Ammortissements : les différentes méthodes de calcul

L’amortissement linéaire

Il constitue le mode normal d’amortissement.

 

Cette méthode consiste à répartir de manière égale la perte de valeur des immobilisations de manière constante sur la durée de vie de ce dernier.

 

L'avantage économique est équitablement reparti durant une certaine période.

  • Le taux d'amortissement est constant.
  • La base d'amortissement est constante.
  • L'annuité d'amortissement est constante, à l'exception toutefois de la première et dernière annuité dont le montant doit être ajusté au prorata temporis (de la date de mise en service au dernier jour de l'exercice comptable) si le bien a été acquis en cours d'année.

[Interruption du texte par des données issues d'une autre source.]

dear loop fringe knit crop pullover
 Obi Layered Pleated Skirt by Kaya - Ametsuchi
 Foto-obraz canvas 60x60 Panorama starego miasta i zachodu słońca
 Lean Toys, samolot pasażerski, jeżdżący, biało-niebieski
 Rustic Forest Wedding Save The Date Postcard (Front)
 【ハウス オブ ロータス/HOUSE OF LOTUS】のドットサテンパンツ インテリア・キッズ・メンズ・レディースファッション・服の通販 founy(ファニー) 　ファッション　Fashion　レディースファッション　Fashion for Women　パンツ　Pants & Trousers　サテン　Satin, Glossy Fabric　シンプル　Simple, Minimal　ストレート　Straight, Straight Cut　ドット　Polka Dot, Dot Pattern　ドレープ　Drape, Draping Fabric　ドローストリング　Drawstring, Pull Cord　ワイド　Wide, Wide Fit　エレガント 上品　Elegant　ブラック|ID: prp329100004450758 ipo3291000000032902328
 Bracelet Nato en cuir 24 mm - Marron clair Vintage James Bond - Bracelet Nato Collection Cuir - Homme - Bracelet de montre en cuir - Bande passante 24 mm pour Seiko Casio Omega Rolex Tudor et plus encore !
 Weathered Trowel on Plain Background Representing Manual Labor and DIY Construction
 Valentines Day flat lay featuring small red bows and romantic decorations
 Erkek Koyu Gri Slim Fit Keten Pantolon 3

L'amortissement commence le jour de la mise en service et non pas au jour de son acquisition.

L’amortissement dégressif

Tous les biens ne sont pas éligibles à cet amortissement (seuls les biens acquis neufs et dont la durée fiscale d’amortissement est supérieure à 3 années sont éligibles à cet amortissement), sont notamment exclus les véhicules de tourisme.

 

Un montant important est déduit au départ puis il devient de moins en moins conséquent chaque année :

  • Le taux d'amortissement est constant.
  • La base d'amortissement est dégressive.
  • Les annuités sont dégressives.

Le taux d'amortissement dégressif est obtenu en multipliant le taux de l'amortissement linéaire par un coefficient variable suivant la durée d'utilisation de l'immobilisation, il est de :

  • 1,25 pour une durée d’amortissement de 3 ou 4 ans,
  • 1,75 pour une durée d’amortissement de 5 ou 6 ans,
  • 2,25 pour une durée d’amortissement supérieure ou égale à 7 ans.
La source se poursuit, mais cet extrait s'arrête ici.